*Task requirements:* Below are some records. Return exactly their lines from the one containing "Woman Already Gave" through the one containing "Ženské ruce, psaní", and drop the pictures.

*Exercise inputs:*
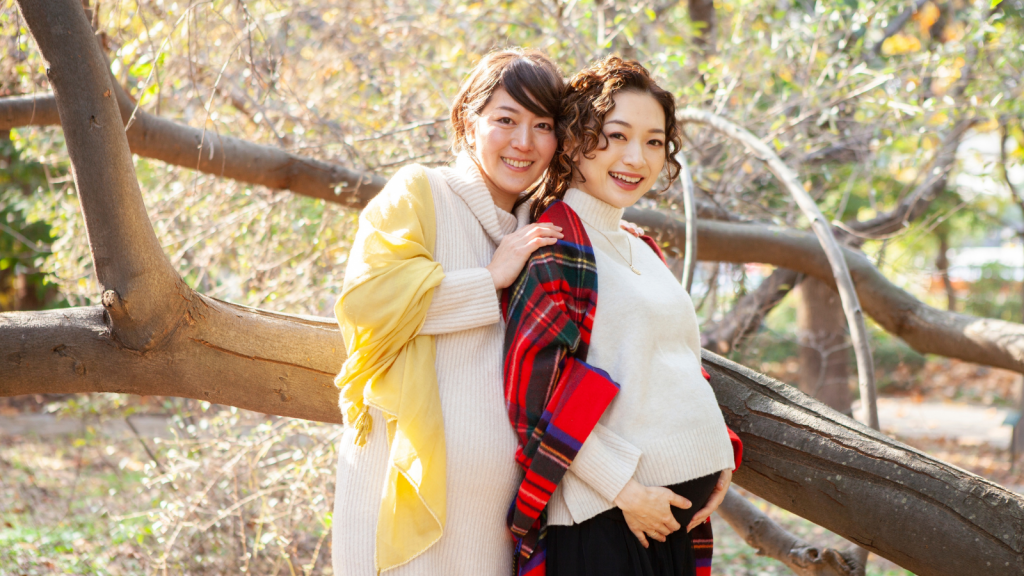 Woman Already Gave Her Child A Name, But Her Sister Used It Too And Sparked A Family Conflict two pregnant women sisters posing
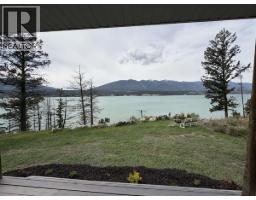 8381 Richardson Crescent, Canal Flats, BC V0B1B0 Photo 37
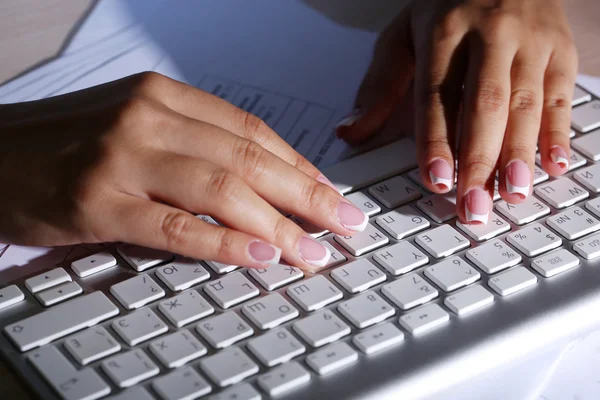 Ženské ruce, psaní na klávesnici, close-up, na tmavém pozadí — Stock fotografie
---
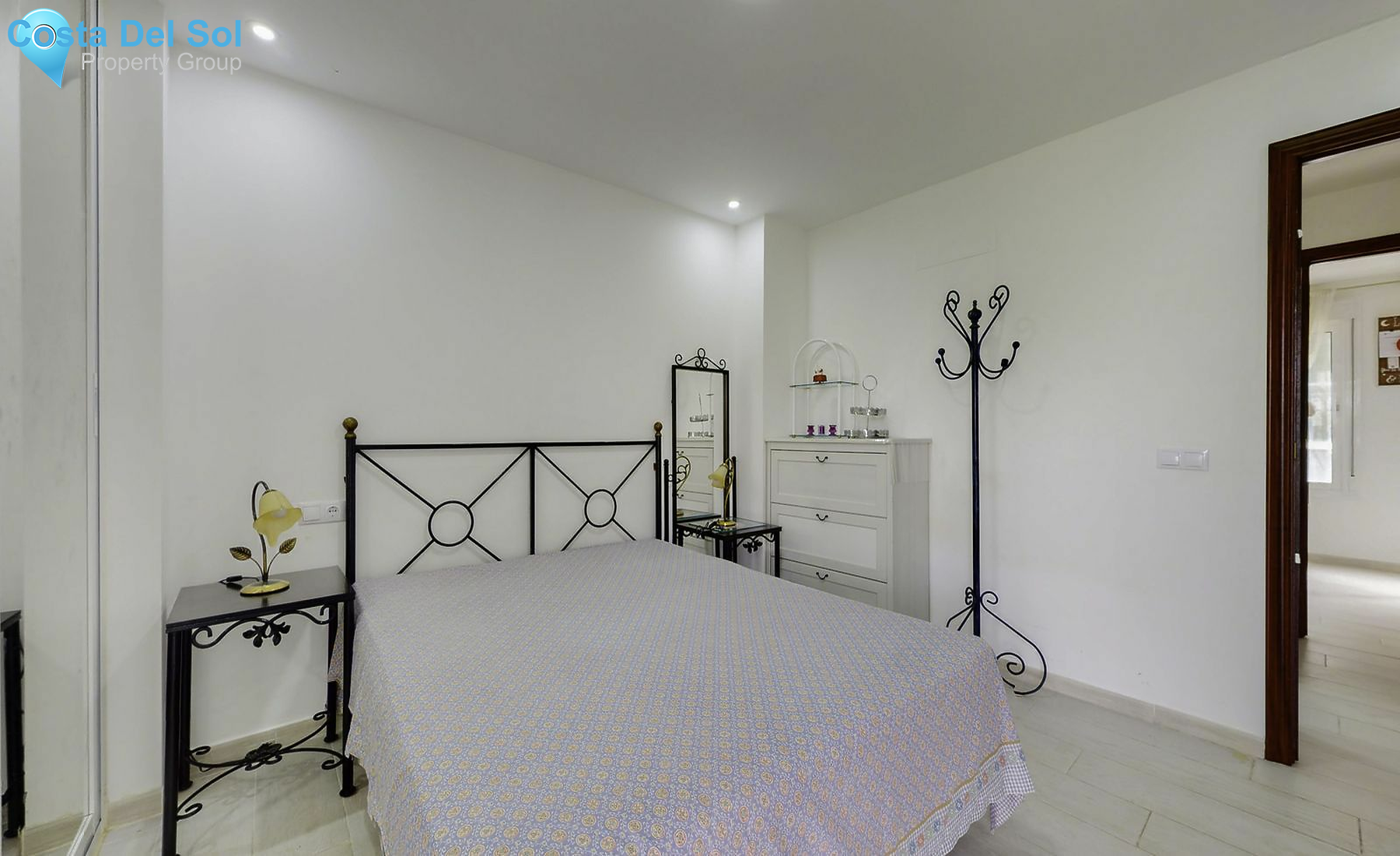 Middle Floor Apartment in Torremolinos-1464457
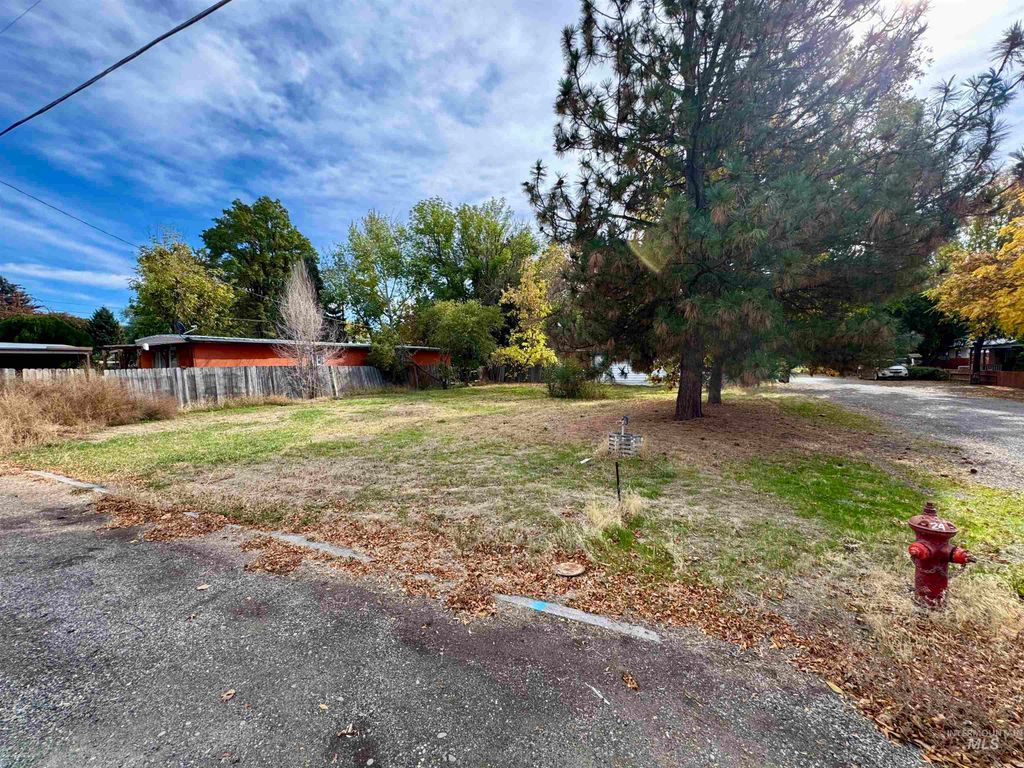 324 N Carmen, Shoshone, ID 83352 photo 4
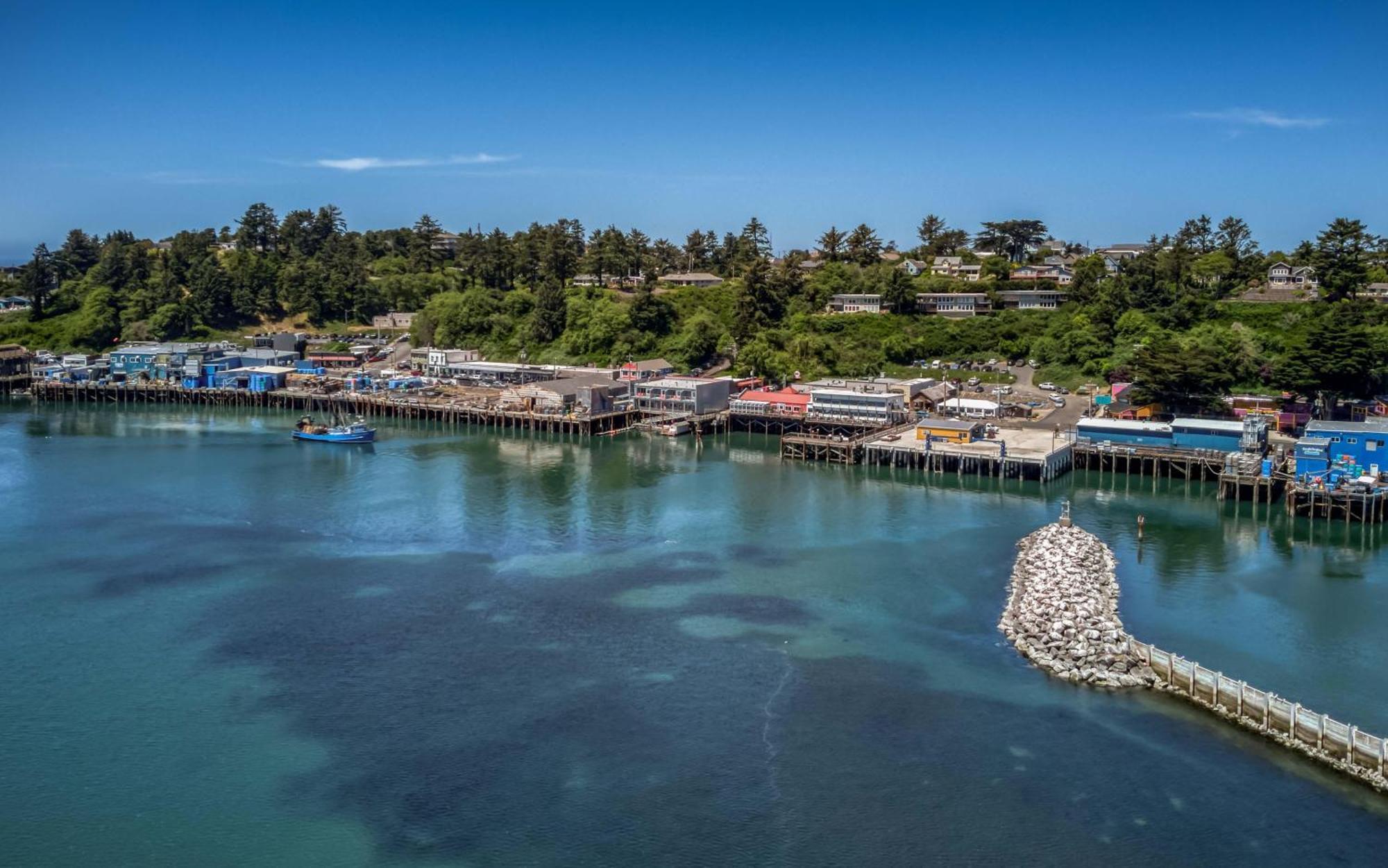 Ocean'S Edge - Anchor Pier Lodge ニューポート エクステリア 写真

*Output of the task:*
 Woman Already Gave Her Child A Name, But Her Sister Used It Too And Sparked A Family Conflict two pregnant women sisters posing
 8381 Richardson Crescent, Canal Flats, BC V0B1B0 Photo 37
 Ženské ruce, psaní na klávesnici, close-up, na tmavém pozadí — Stock fotografie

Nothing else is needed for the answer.